PROBLEM TO WORK ON —
Please write out all the data that follows exactly, without the pictures.

INFORMATION PROVIDED —
Start of Block

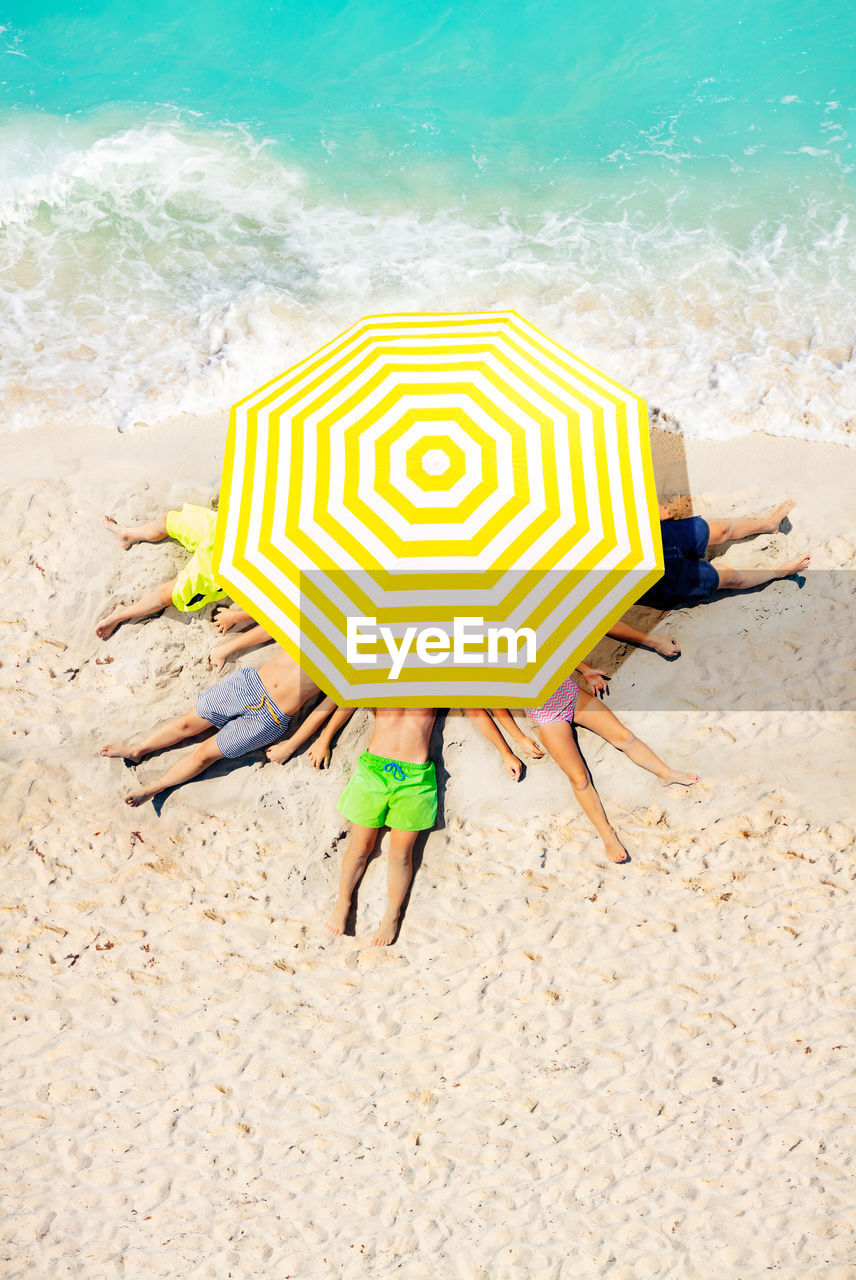 high angle view of beach umbrella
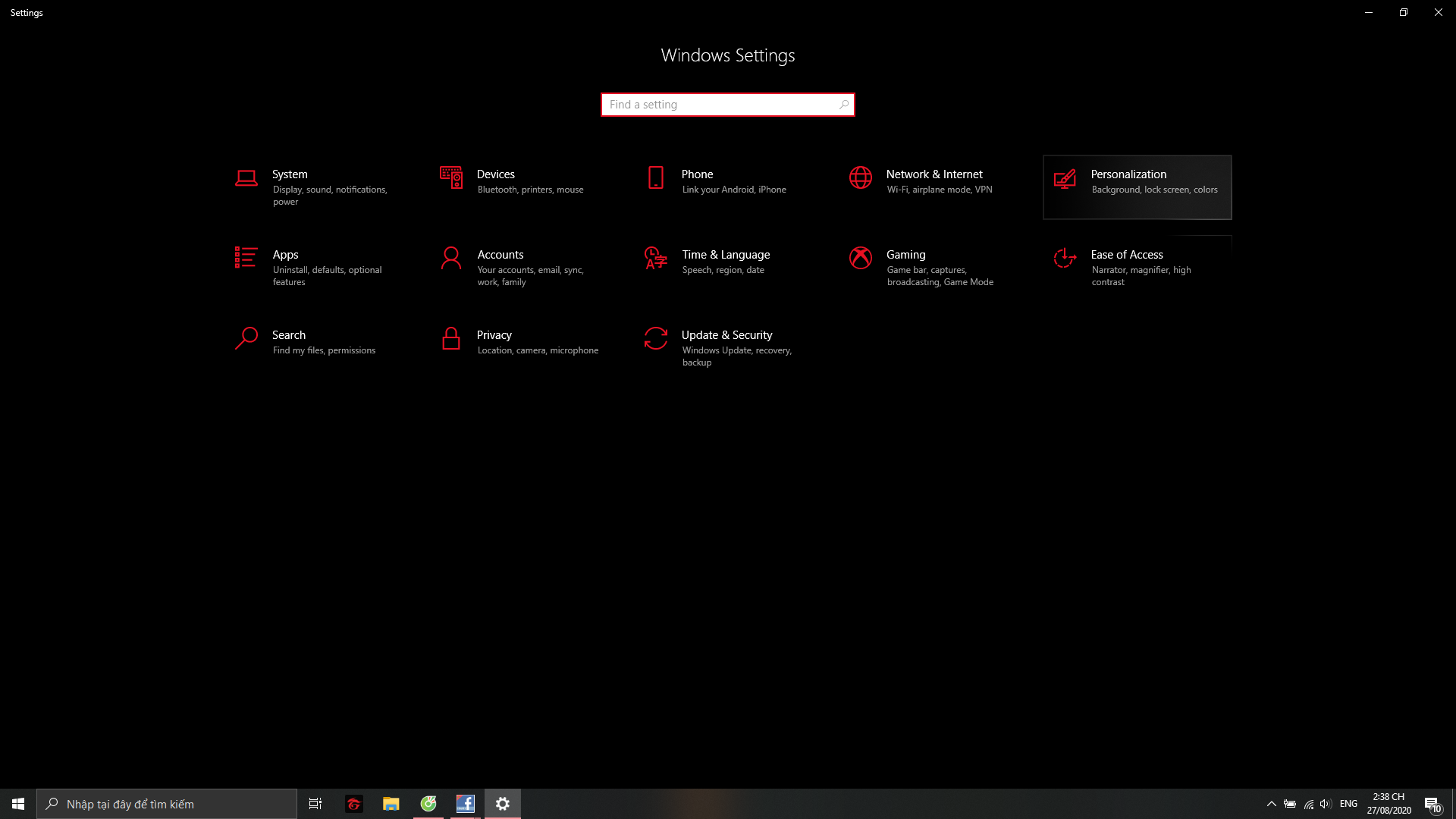 Giao diện darkmode Windows 10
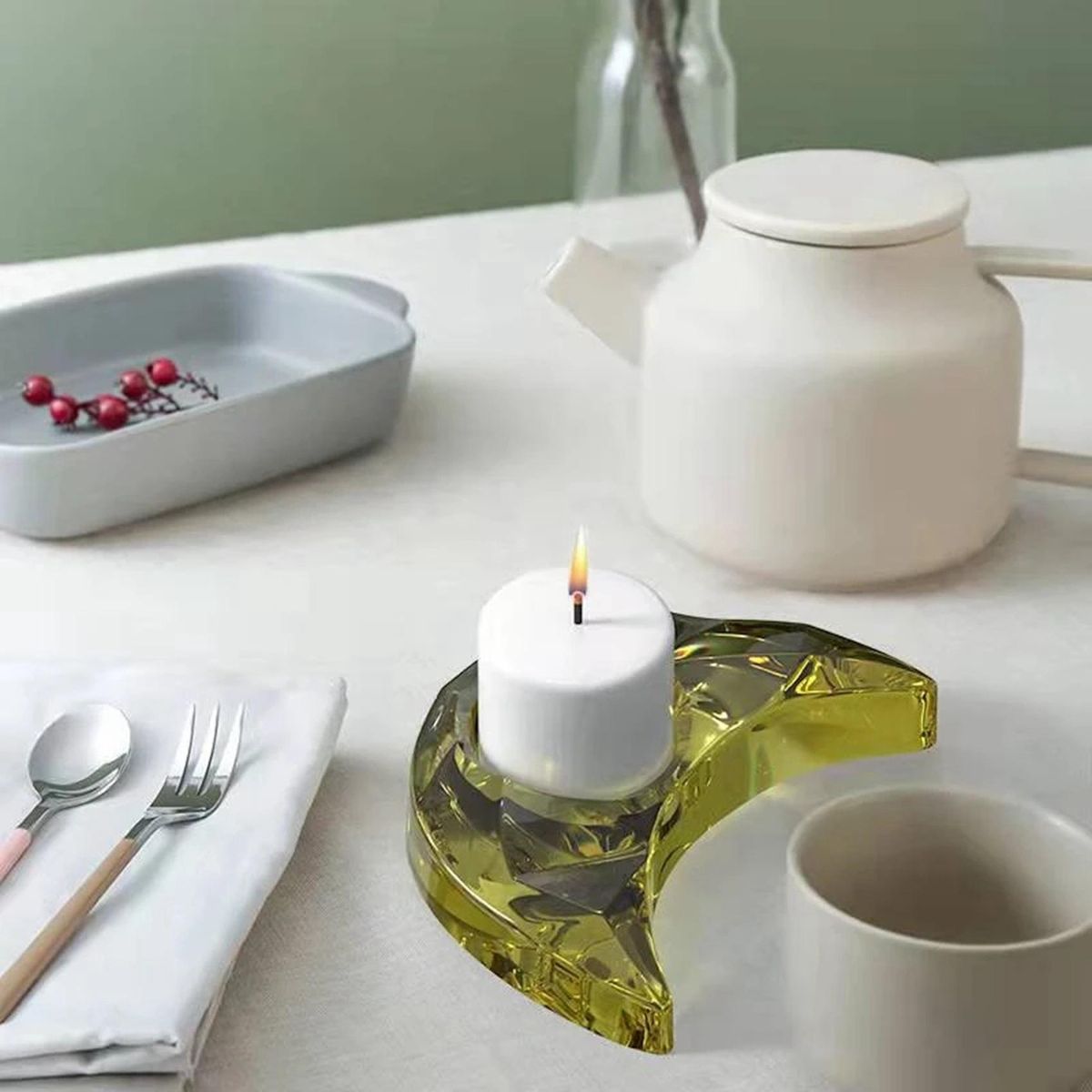 Silicone Candle Holder Storage Mold DIY Moon Crystal Epoxy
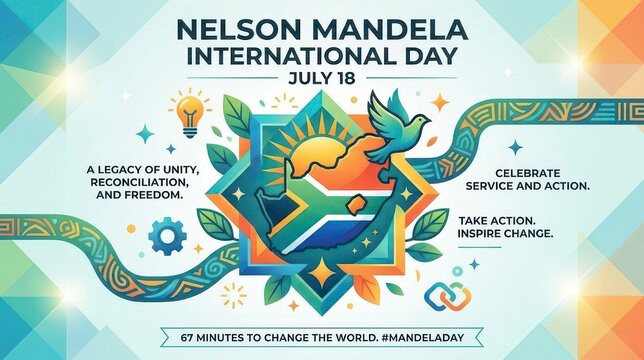 Nelson Mandela International Day colorful illustration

End of Block

OUTPUT OF THE EXERCISE —
 high angle view of beach umbrella
 Giao diện darkmode Windows 10
 Silicone Candle Holder Storage Mold DIY Moon Crystal Epoxy
 Nelson Mandela International Day colorful illustration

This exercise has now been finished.